**Brief**
Going down the listing below, print exactly each line from the one with "Bánh cuốn Tây Sơn - 25.000 ₫" up to and including the one with "Jacarilla - Inland", and skip the rest.

**Exercise materials**
⁂
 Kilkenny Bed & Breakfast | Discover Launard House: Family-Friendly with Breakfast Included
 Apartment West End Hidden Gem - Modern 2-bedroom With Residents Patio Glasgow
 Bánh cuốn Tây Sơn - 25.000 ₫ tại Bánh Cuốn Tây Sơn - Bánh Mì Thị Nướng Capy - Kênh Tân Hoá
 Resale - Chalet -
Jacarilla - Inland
⁂
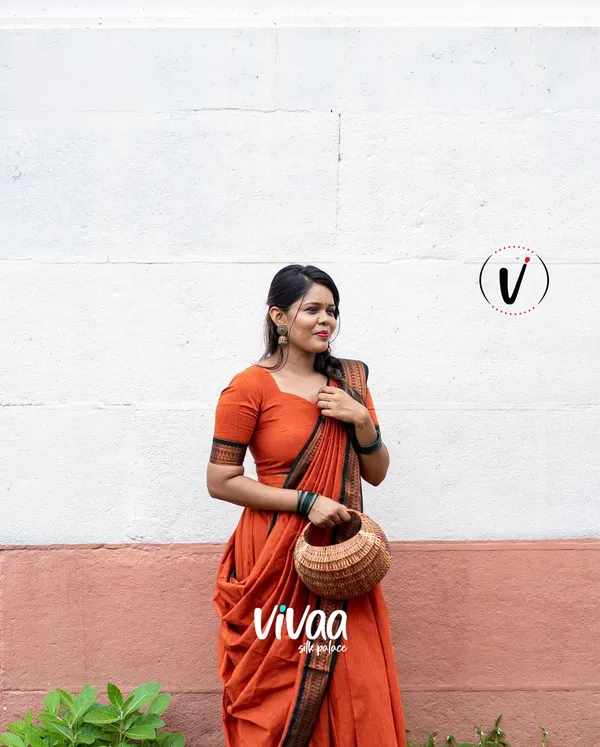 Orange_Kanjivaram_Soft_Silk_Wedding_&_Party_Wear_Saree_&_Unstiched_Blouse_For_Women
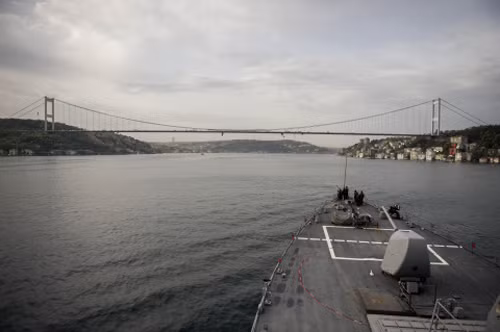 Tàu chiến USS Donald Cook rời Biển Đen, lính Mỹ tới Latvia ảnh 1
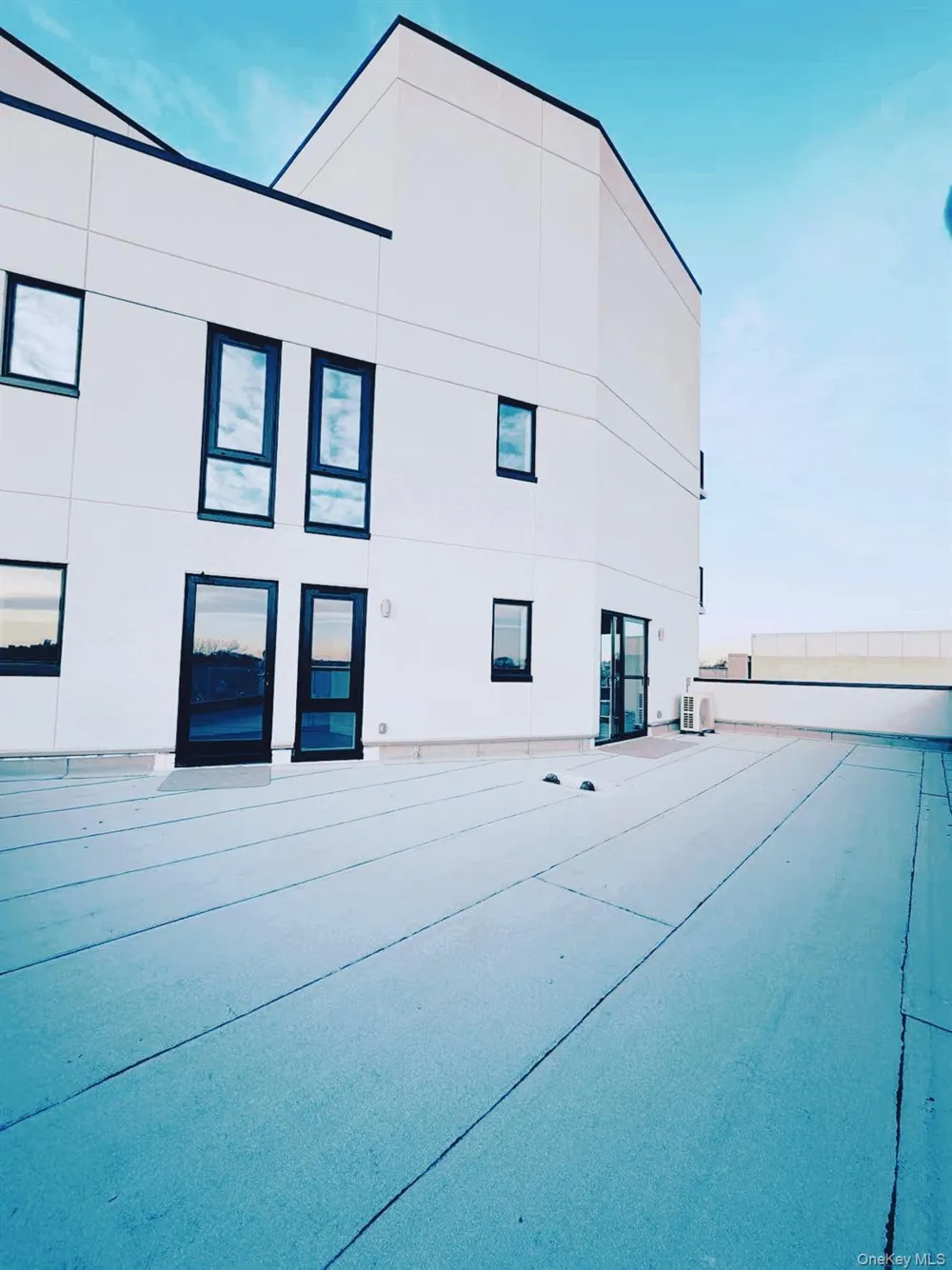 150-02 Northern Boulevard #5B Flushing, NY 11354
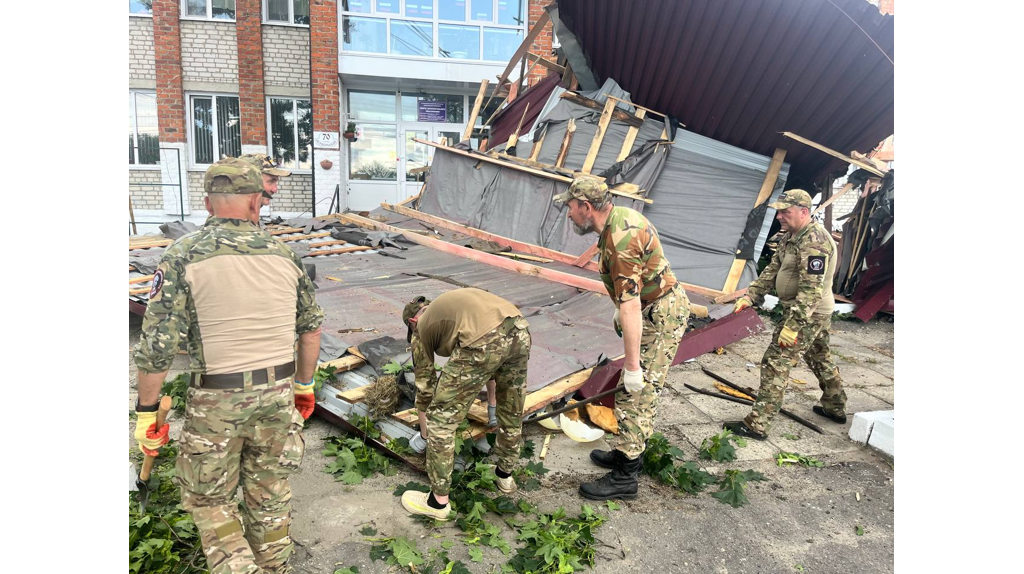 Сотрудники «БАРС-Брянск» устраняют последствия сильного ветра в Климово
⁂
**Result of the exercise**
 Bánh cuốn Tây Sơn - 25.000 ₫ tại Bánh Cuốn Tây Sơn - Bánh Mì Thị Nướng Capy - Kênh Tân Hoá
 Resale - Chalet -
Jacarilla - Inland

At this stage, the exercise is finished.